I think the issue is that we can't find the link to click on in the first place. Nothing in your original statement contains a hyperlink - it's all just plaintext. Unless I'm starting to go blind.

5. Sep 5, 2011

lanedance

how about using tex?

right click on code below to see how its written
$$f(x) = \Sum_n\frac{1}{n!}\frac{d^{(n)}f(0)}}{dx}x^n$$
[/tex]

you'll generally get a quicker answer, and its easier for people to cut/paste&edit your original post

6. Sep 5, 2011

Tomer

Hi cyt91,

well, I believe you did most of the job. Try to write the actual sum you just found, element by element... You can easily see what the coefficients of x18, x19 and x20 are...

7. Sep 5, 2011

vela

Staff Emeritus

8. Sep 5, 2011

HallsofIvy

Okay, so you have written "$c_nx^n$" as $x^{3m}- x^{3k- 1}$. To find the coefficient of $x^{18}$, say, you need to find m so that 3m= 18 and k such that 3k- 1= 18. If there is no such integer, the coefficient is 0. 3m= 18 gives m= 6 so there is a term "$x^{3(6)}= 18$" and it has coefficient 1. There is no integer such that 3m- 1= 18 so that adds nothing. The coeffiicent of $x^{18}$ is 1.

Now do 19 and 20.

9. Sep 5, 2011

cyt91

Hi.

Thanks a lot for your help.
I've found c_19 = -1 and c_20 = 0.

Just one more clarification: when we are finding c_19 / c_18 /c _20 ,
we are in fact finding the 19th / 18th/ 20th order of Taylor's polynomial right?

So,for instance,if we want to look for c_18, we'll be looking at 3n = 18 (since n is an integer)
i.e. the 18th order of Taylor's polynomial.

10. Sep 5, 2011

SammyS

Staff Emeritus
[Mod Note: Replaced large images with hyperlinks, Hoot]
This is the Original Post with the corrected Image links.

Hope that helps someone !

Last edited by a moderator: May 5, 2017
11. Sep 13, 2011

jayman16

still dont understand how the coefficients c_18, 19, and 20 are obtained. can you put it in even simpler terms why c_18 is 1, 19 is -1 and 20 is 0?

12. Sep 13, 2011

vela

Staff Emeritus
If you can't see it, follow Tomer's advice back in post #6.

13. Sep 13, 2011

jayman16

i got it. thanks. would i be right in saying that the the only term with x^18 in the series would be coming from summation 0 to infinity (x^3n) when n = 6 on the right hand side. c_18x^18 = x^18 meaning c_18 = 1. Similarly the only term with x^19 on the right hand side is when n = 6 where it is -(x^3n+1) = - (x^19).

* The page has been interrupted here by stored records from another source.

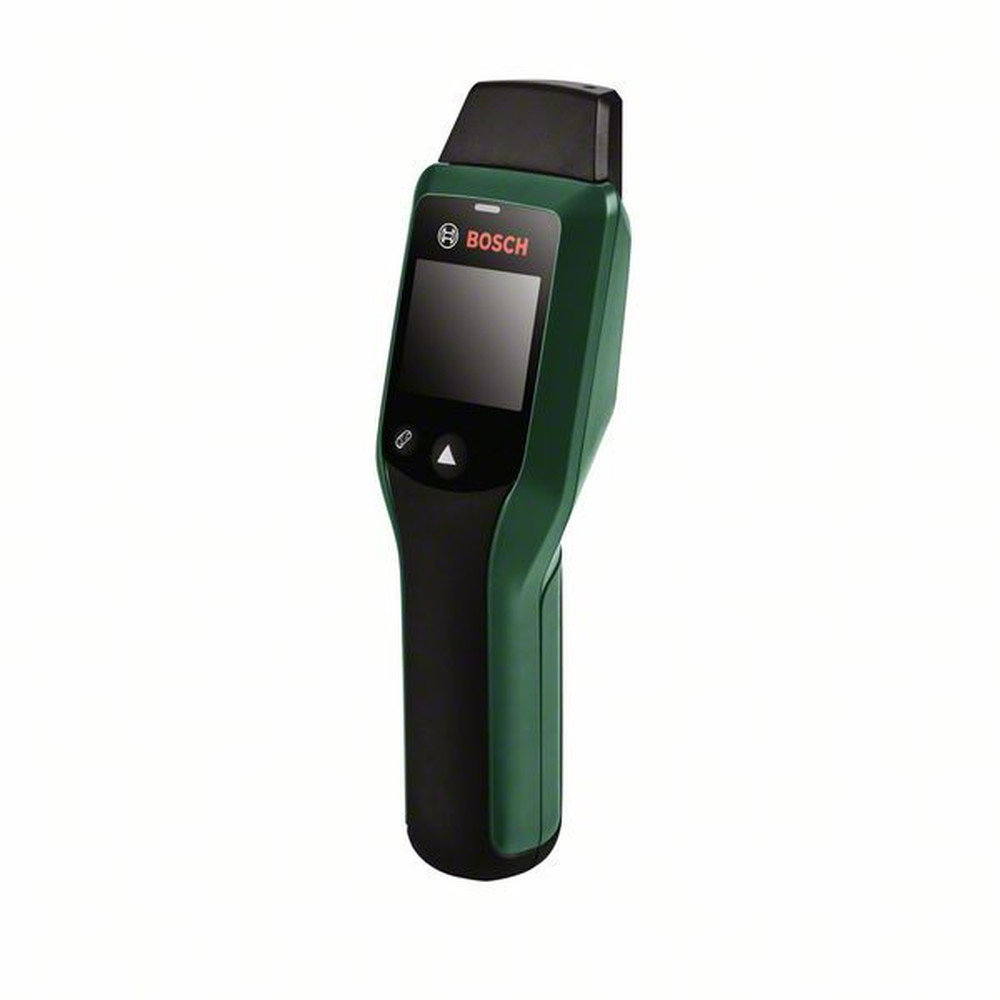 Bosch Holzfeuchtigkeitsmesser UniversalHumid Produktbild img2 L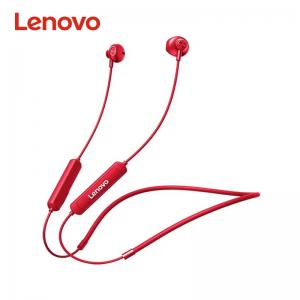 Lenovo SH1 Wireless Neckband Headphone OEM Water Resistant Headphones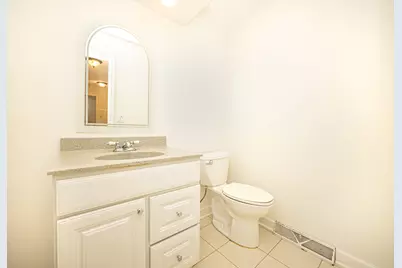 518 David Drive, Shorewood, IL 60404 - Photo 11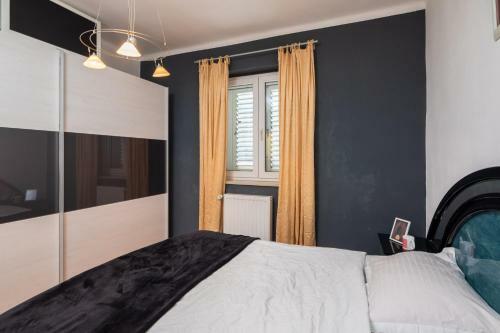 Seaview Apartment Lara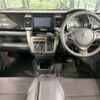 suzuki hustler 2017 CFJ1631116 image 2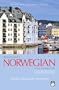 Beginner's Norwegian With 2 Audio Cds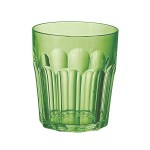 Стакан happy hour 250 мл зеленый, Guzzini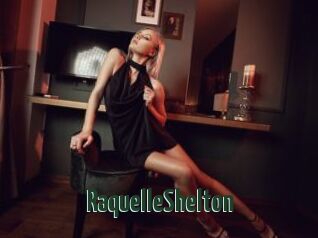 RaquelleShelton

Hence c_19x^19 = -(x^19) , c_19 is therefore -1 and since there are no integer values for n that can give me x^20 on the right hand side i can conclude that there is no x^20 term on the right. So c_20 must be 0 on the left removing the x^20 term on the left. Is this the reasoning?

14. Sep 13, 2011

vela

Staff Emeritus
Yes, you got it.